要配慮者が参加する訓練で地域の意識を高める

長岡京市では、市内10の小学校区域ごとにコミュニティ組織(すべての住民を対象にしたネットワーク組織)ができるようすすめており、全小学校区で住民主体の避難所運営などの訓練を毎年1回実施することをめざしています。主に自治会、自主防災会が主体となり、地域住民、民生児童委員、社協などが参加します。各校区で組織としての班活動、要配慮者支援係の動き、福祉避難コーナーでの目配り、地域の方の見守りなど、具体的な動きを書き込み、独自の避難所運営マニュアルづくりをすすめています。

 

このような実践を意識した訓練は、地域の顔の見える関係づくりをさらにすすめます。

また、日頃からの取組みとして、市民協働部防災・安全推進室長の河北昌和さんは、「常設の災害ボランティアセンターの専従職員が、緑のベストを着て地域に入っていっている。普段からの関係づくりが信頼関係につながり、避難所生活が必要になったときも困りごとやニーズを聞き取りやすくなるだろう」と言います。その他にも長岡京市では、市災害ボランティアセンターと市職員で一緒に出前講座に参加する機会や、福祉事業所に集まってもらい、意見交換会を開催するなど、市民や市内福祉関係者等との平時からのつながりづくりを大切にしています。
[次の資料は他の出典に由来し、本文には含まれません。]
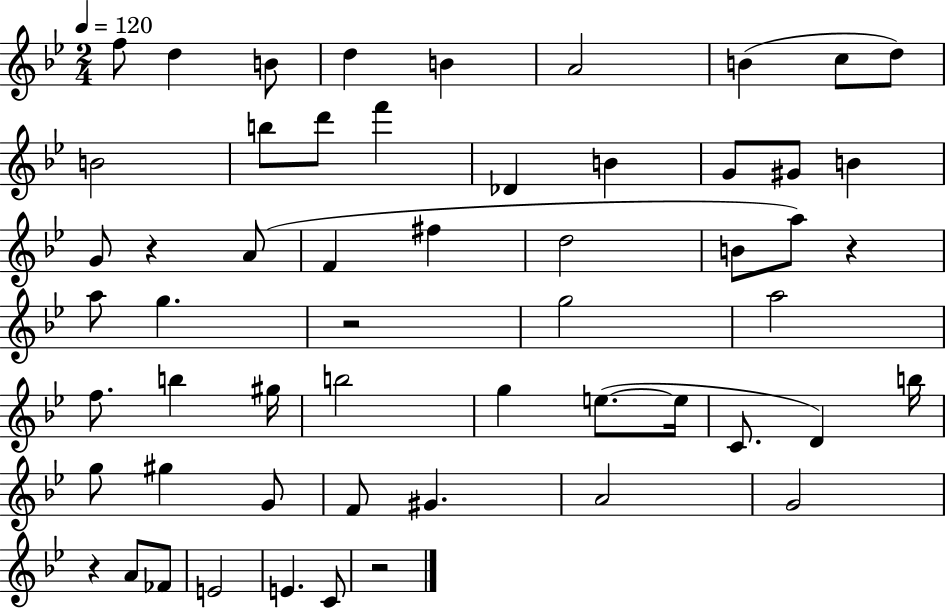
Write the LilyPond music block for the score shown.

{
  \clef treble
  \numericTimeSignature
  \time 2/4
  \key bes \major
  \tempo 4 = 120
  f''8 d''4 b'8 | d''4 b'4 | a'2 | b'4( c''8 d''8) | \break b'2 | b''8 d'''8 f'''4 | des'4 b'4 | g'8 gis'8 b'4 | \break g'8 r4 a'8( | f'4 fis''4 | d''2 | b'8 a''8) r4 | \break a''8 g''4. | r2 | g''2 | a''2 | \break f''8. b''4 gis''16 | b''2 | g''4 e''8.~(~ e''16 | c'8. d'4) b''16 | \break g''8 gis''4 g'8 | f'8 gis'4. | a'2 | g'2 | \break r4 a'8 fes'8 | e'2 | e'4. c'8 | r2 | \break \bar "|."
} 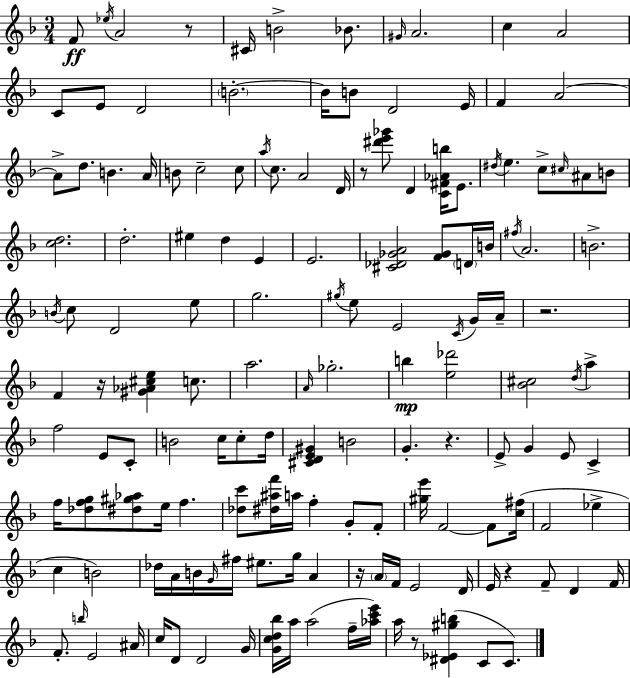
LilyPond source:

{
  \clef treble
  \numericTimeSignature
  \time 3/4
  \key f \major
  f'8\ff \acciaccatura { ees''16 } a'2 r8 | cis'16 b'2-> bes'8. | \grace { gis'16 } a'2. | c''4 a'2 | \break c'8 e'8 d'2 | \parenthesize b'2.-.~~ | b'16 b'8 d'2 | e'16 f'4 a'2~~ | \break a'8-> d''8. b'4. | a'16 b'8 c''2-- | c''8 \acciaccatura { a''16 } c''8. a'2 | d'16 r8 <dis''' e''' ges'''>8 d'4 <c' fis' aes' b''>16 | \break e'8. \acciaccatura { dis''16 } e''4. c''8-> | \grace { cis''16 } ais'8 b'8 <c'' d''>2. | d''2.-. | eis''4 d''4 | \break e'4 e'2. | <cis' des' ges' a'>2 | <f' ges'>8 \parenthesize d'16 b'16 \acciaccatura { fis''16 } a'2. | b'2.-> | \break \acciaccatura { b'16 } c''8 d'2 | e''8 g''2. | \acciaccatura { gis''16 } e''8 e'2 | \acciaccatura { c'16 } g'16 a'16-- r2. | \break f'4 | r16 <gis' aes' cis'' e''>4 c''8. a''2. | \grace { a'16 } ges''2.-. | b''4\mp | \break <e'' des'''>2 <bes' cis''>2 | \acciaccatura { d''16 } a''4-> f''2 | e'8 c'8-. b'2 | c''16 c''8-. d''16 <cis' d' e' gis'>4 | \break b'2 g'4.-. | r4. e'8-> | g'4 e'8 c'4-> f''16 | <des'' f'' g''>8 <dis'' gis'' aes''>8 e''16 f''4. <des'' c'''>8 | \break <dis'' ais'' f'''>16 a''16 f''4-. g'8-. f'8-. <gis'' e'''>16 | f'2~~ f'8 <c'' fis''>16( f'2 | ees''4-> c''4 | b'2) des''16 | \break a'16 b'16 \grace { g'16 } fis''16 eis''8. g''16 a'4 | r16 \parenthesize a'16 f'16 e'2 d'16 | e'16 r4 f'8-- d'4 f'16 | f'8.-. \grace { b''16 } e'2 | \break ais'16 c''16 d'8 d'2 | g'16 <g' c'' d'' bes''>16 a''16 a''2( f''16-- | <aes'' c''' e'''>16) a''16 r8 <dis' ees' gis'' b''>4( c'8 c'8.) | \bar "|."
} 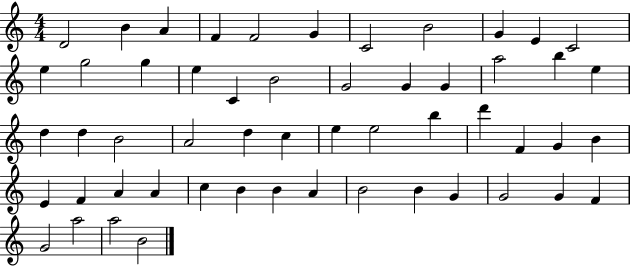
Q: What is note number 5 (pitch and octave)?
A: F4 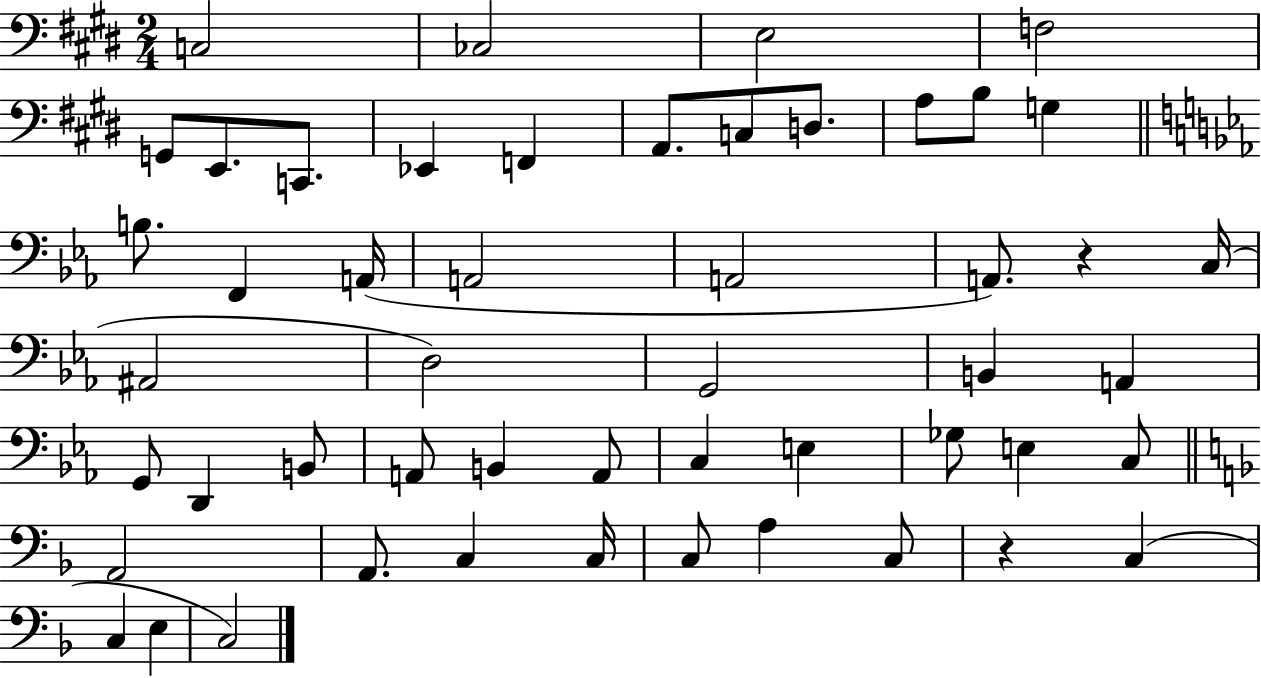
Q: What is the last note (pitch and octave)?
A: C3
平成28年10月、市内特別支援学校で大規模災害に備え、人工呼吸器などの医療機器を使用している在宅医療児の避難や福祉避難所での支援の訓練が行われました。向日市、長岡京市、大山崎町からなる乙訓地域を管轄する保健所と市、学校が主催し、地元自治会や社協、乙訓医師会などが協力し、市内の在宅医療児を搬送し、避難場所での療養や電源確保の方法を学ぶ機会となりました。

 

河北さんは、「訓練をしようとしたときに、要配慮者本人が出て来れずに、健常者の方の模擬体験で終わってしまいがち。個別計画を作成するにあたっても災害時に在宅医療児がどうなってしまうのか知るために訓練が必要だった。当日は、『なるべく通い慣れている支援学校に安心して避難したい』という保護者のニーズや、在宅医療児がどのようなニーズを持っているのかを汲み取れるよい機会になった」とふり返ります。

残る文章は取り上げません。